Standard Federal retained Sebastian to assist it in raising additional capital and agreed to pay Sebastian one percent of the additional capital obtained as a result of Sebastian's assistance. Standard Federal realized $22,000,000 in new capital from the sale of its stock due to Sebastian's efforts. Although Sebastian completed performance under its agreement with Standard Federal, the bank refused to pay Sebastian its agreed upon commission ($220,000). For the purposes of this appeal, the parties do not dispute that there was an oral contract and that Sebastian performed its obligations thereunder.

The RTC became receiver of Standard Federal, and Sebastian filed an administrative proof of claim with the RTC on December 12, 1991, seeking compensation for its services rendered to Standard Federal.
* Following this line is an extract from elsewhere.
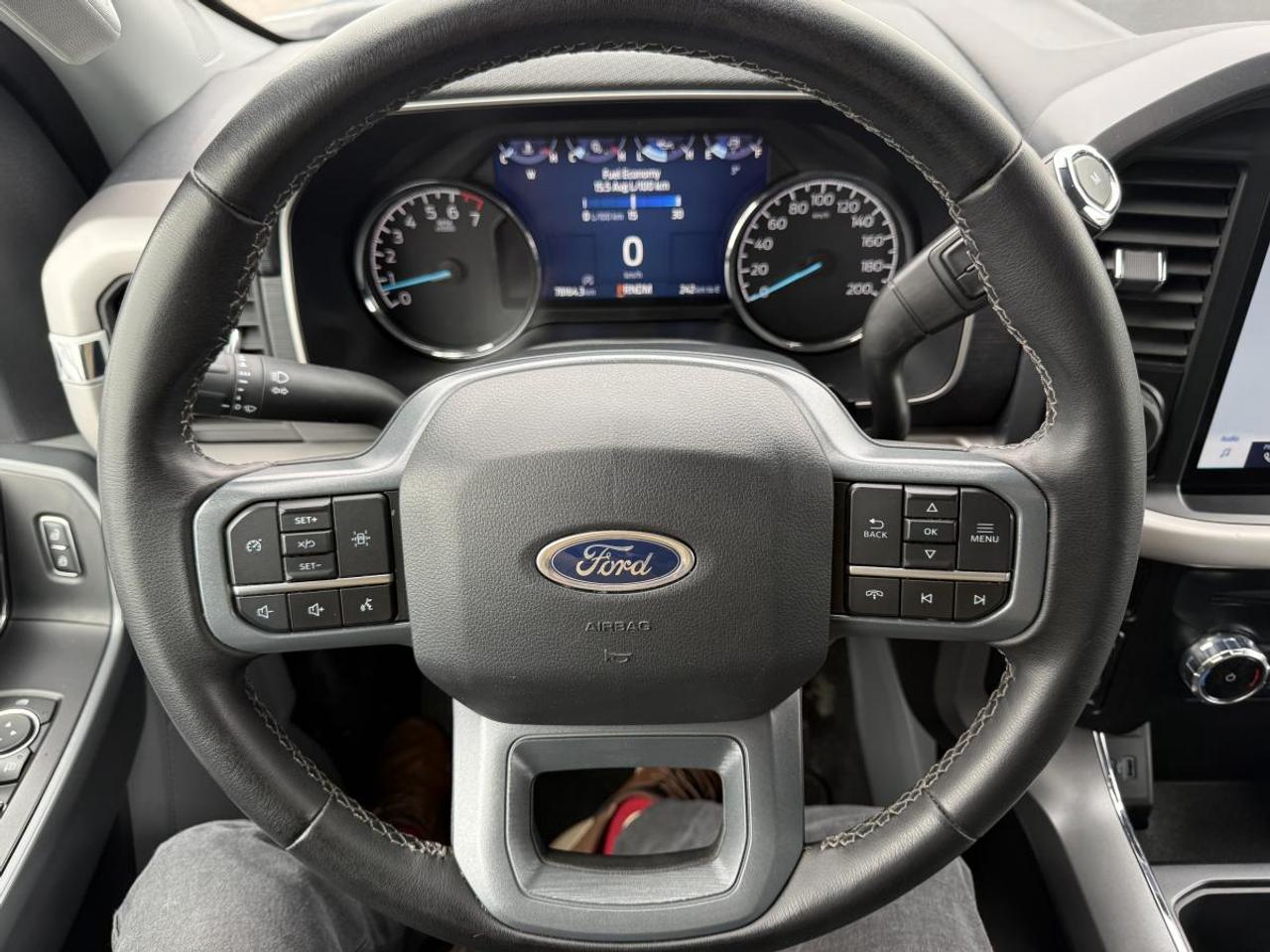 2023 Ford F-150 XLT 4WD SuperCrew 5.5' Box Photo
By letter dated February 18, 1993, the RTC denied Sebastian's claim. Sebastian sued the RTC on April 15, 1993, upon two theories of liability. First, Sebastian contends that the RTC's refusal to pay the claim constitutes a breach of the contract between Sebastian and Standard Federal. In the alternative, Sebastian contends that it is entitled to recover in quantum meruit the reasonable value of the services it rendered to Standard Federal.

Because the district court found that Sec. 1823(e) and the D'Oench Doctrine applied to Sebastian's claim and because Sebastian's contract was not in writing, Sebastian's claim was unenforceable against the RTC. Summary judgment was granted and Sebastian appeals. We review de novo the district court's granting of summary judgment. EEOC v. Clay Printing Co., 955 F.2d 936 (4th Cir.1992).

II.

In D'Oench, Duhme & Co. v. FDIC, 315 U.S. 447, 62 S.Ct. 676, 86 L.Ed. 956 (1942), a bank accepted a series of notes from a securities firm, but the bank's representatives agreed never to collect on the notes. The transaction was intended to keep the bank from showing a loss that it had incurred from another debtor's default. When the bank subsequently failed, the FDIC attempted to collect on the notes. A suit ensued, and D'Oench asserted his undisclosed agreement with the bank's representatives as a defense to collection. The FDIC argued that D'Oench should be estopped from asserting the undisclosed agreement as a defense because the FDIC had no knowledge of the agreement. Id. at 454-56, 62 S.Ct. at 678-79.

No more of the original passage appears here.